Segment Start: RECORDS SHOWN

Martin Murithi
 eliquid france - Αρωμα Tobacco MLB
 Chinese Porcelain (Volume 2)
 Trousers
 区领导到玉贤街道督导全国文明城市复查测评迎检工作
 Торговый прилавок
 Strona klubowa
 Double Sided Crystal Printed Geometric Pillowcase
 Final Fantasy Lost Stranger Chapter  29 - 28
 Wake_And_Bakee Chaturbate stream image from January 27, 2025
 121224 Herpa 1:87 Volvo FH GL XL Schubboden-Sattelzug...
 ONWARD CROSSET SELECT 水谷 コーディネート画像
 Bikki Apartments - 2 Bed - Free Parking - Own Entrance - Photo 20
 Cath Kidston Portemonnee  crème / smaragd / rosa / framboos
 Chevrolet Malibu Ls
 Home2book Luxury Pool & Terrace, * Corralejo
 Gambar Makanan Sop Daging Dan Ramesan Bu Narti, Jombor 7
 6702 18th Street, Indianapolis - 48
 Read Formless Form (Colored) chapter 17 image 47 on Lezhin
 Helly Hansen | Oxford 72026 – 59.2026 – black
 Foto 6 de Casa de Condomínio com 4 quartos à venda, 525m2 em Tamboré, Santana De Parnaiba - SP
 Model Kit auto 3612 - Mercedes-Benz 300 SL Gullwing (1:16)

Segment End: RECORDS SHOWN

All of the lines above must be returned exactly as they stand.

### TASK RESULT
Martin Murithi
 eliquid france - Αρωμα Tobacco MLB
 Chinese Porcelain (Volume 2)
 Trousers
 区领导到玉贤街道督导全国文明城市复查测评迎检工作
 Торговый прилавок
 Strona klubowa
 Double Sided Crystal Printed Geometric Pillowcase
 Final Fantasy Lost Stranger Chapter  29 - 28
 Wake_And_Bakee Chaturbate stream image from January 27, 2025
 121224 Herpa 1:87 Volvo FH GL XL Schubboden-Sattelzug...
 ONWARD CROSSET SELECT 水谷 コーディネート画像
 Bikki Apartments - 2 Bed - Free Parking - Own Entrance - Photo 20
 Cath Kidston Portemonnee  crème / smaragd / rosa / framboos
 Chevrolet Malibu Ls
 Home2book Luxury Pool & Terrace, * Corralejo
 Gambar Makanan Sop Daging Dan Ramesan Bu Narti, Jombor 7
 6702 18th Street, Indianapolis - 48
 Read Formless Form (Colored) chapter 17 image 47 on Lezhin
 Helly Hansen | Oxford 72026 – 59.2026 – black
 Foto 6 de Casa de Condomínio com 4 quartos à venda, 525m2 em Tamboré, Santana De Parnaiba - SP
 Model Kit auto 3612 - Mercedes-Benz 300 SL Gullwing (1:16)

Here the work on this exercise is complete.